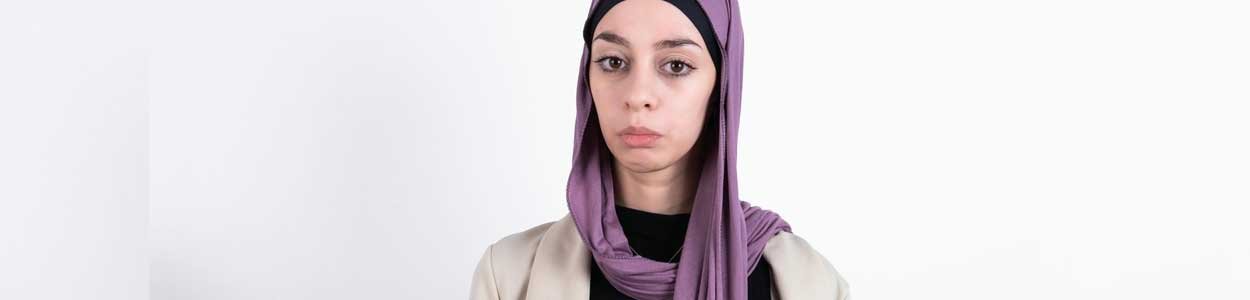 Evil Eye And Jealousy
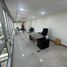 1,399 Sqft Office for rent at Richmond Palace, Khlong Tan Nuea, Watthana, Bangkok, Thailand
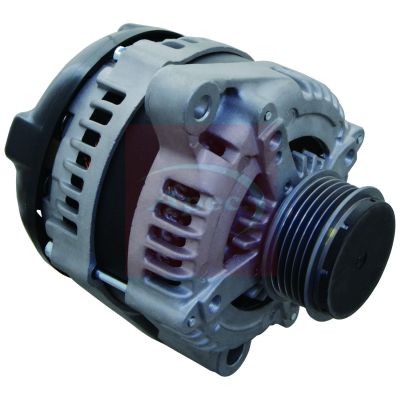 APEC Alternator AAL1571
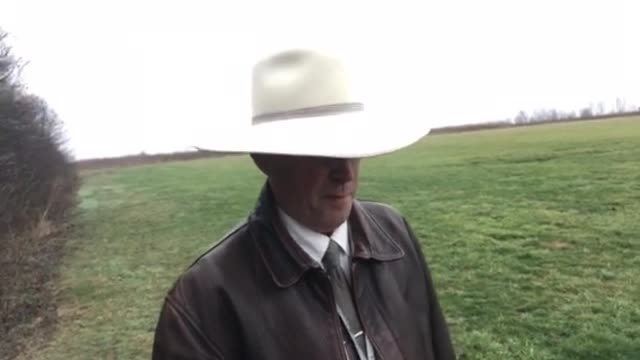 MAGA is a Big Tent Party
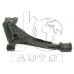 J31006 Japan Cars Front axle wishbone arm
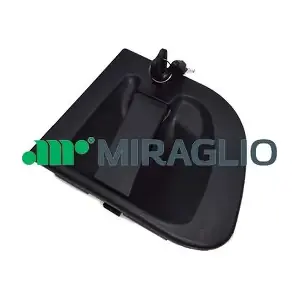80664 MIRAGLIO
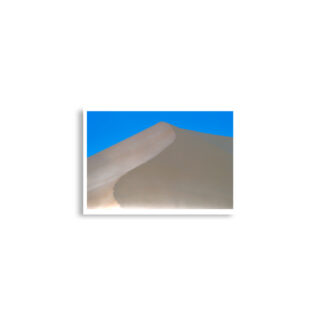enhanced-matte-paper-poster-cm-a2-42x59.4-cm-front-68dd7c09cde31.jpg Poster print Namibia Sossusvlei 0004x (42×59.4 cm)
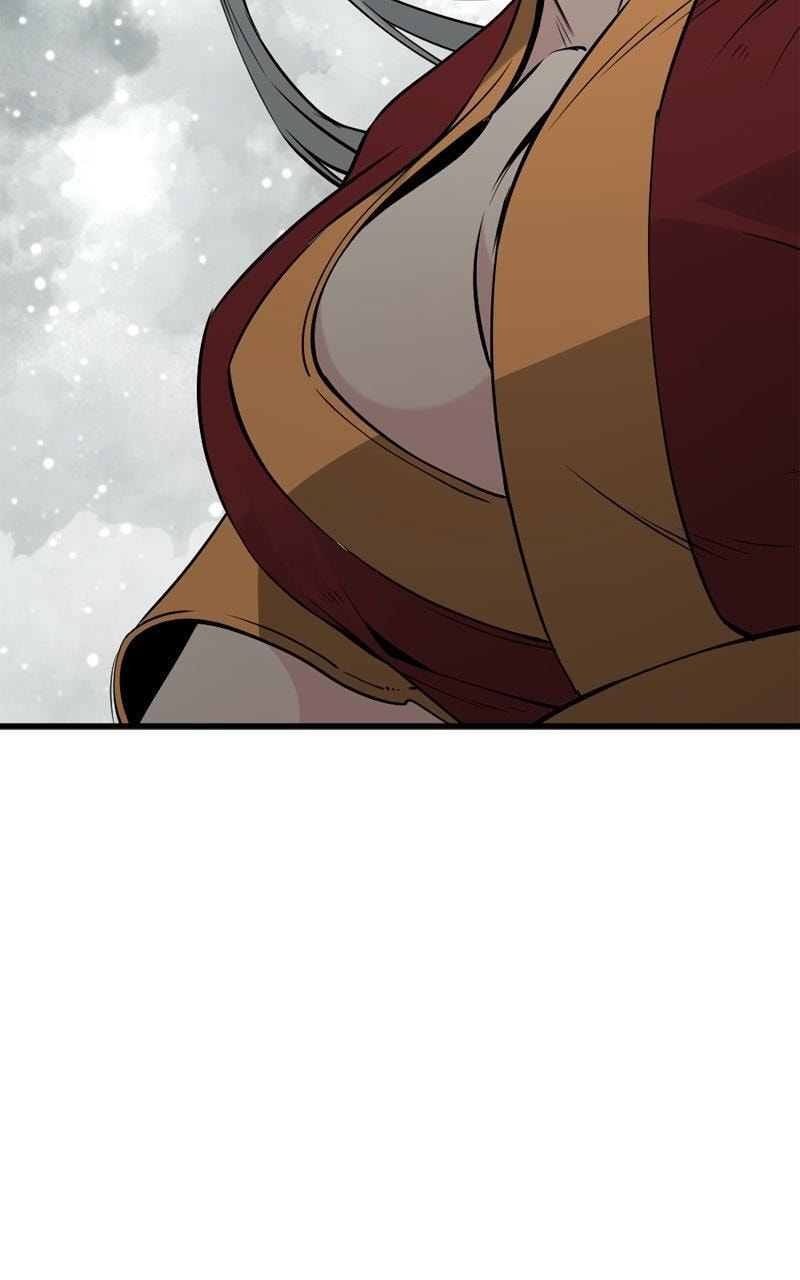Read Hero Killer chapter 243 image 133 on Lezhin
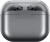 Samsung Galaxy Buds 3 Global Silver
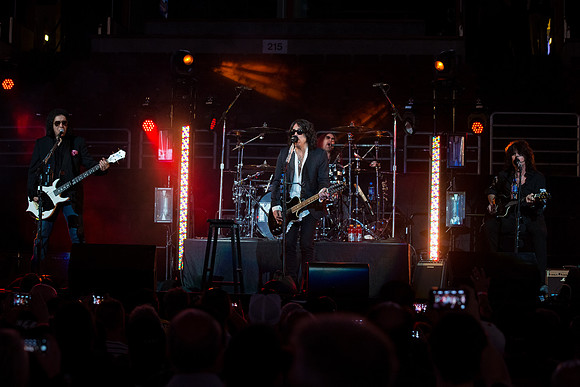 040216_HONDA_CENTER_0065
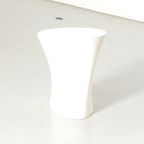 Marco Maran Desingkruk, Wit, 45 X 39 Cm thumbnail 2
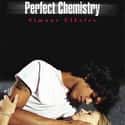 Perfect Chemistry on Random Best Mafia Romance Novels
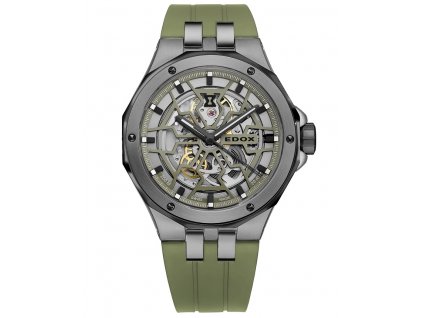 Edox 85303-357GNCAV-VONB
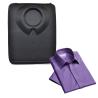 Buy cheap ROHS Shirt Carry Case , Velvet EVA Hard Shell Case from wholesalers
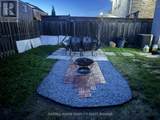 60 Capistro Street - Photo 47
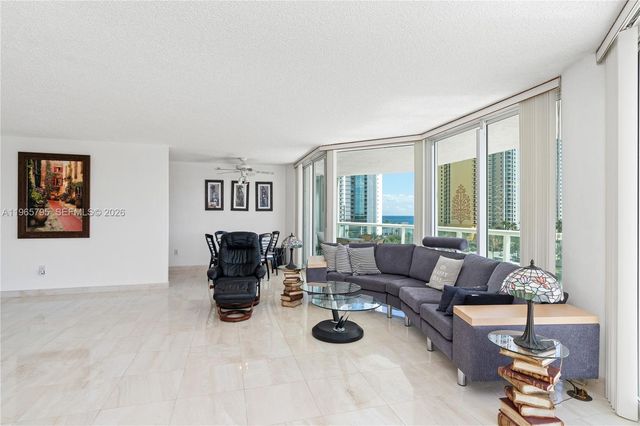 16400 Collins Avenue 744, Sunny Isles Beach, FL 33160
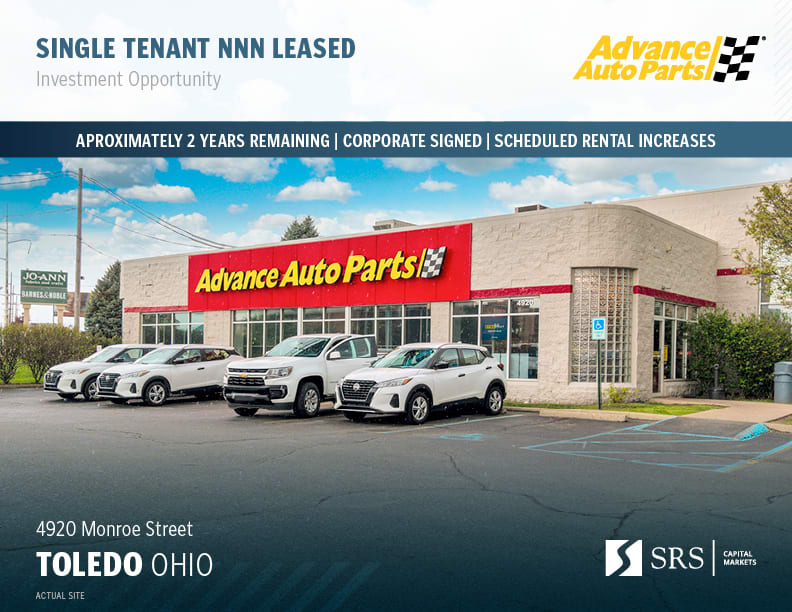 Toledo OH - Advance Auto Parts.jpg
::::::
## Work to complete
Since the pictures are not wanted, write out the rest of the data exactly as it reads.

## Solved problem
 Evil Eye And Jealousy
 1,399 Sqft Office for rent at Richmond Palace, Khlong Tan Nuea, Watthana, Bangkok, Thailand
 APEC Alternator AAL1571
 MAGA is a Big Tent Party
 J31006 Japan Cars Front axle wishbone arm
80664 MIRAGLIO
enhanced-matte-paper-poster-cm-a2-42x59.4-cm-front-68dd7c09cde31.jpg Poster print Namibia Sossusvlei 0004x (42×59.4 cm)
Read Hero Killer chapter 243 image 133 on Lezhin
 Samsung Galaxy Buds 3 Global Silver
 040216_HONDA_CENTER_0065
 Marco Maran Desingkruk, Wit, 45 X 39 Cm thumbnail 2
 Perfect Chemistry on Random Best Mafia Romance Novels
 Edox 85303-357GNCAV-VONB
 Buy cheap ROHS Shirt Carry Case , Velvet EVA Hard Shell Case from wholesalers
 60 Capistro Street - Photo 47
 16400 Collins Avenue 744, Sunny Isles Beach, FL 33160
 Toledo OH - Advance Auto Parts.jpg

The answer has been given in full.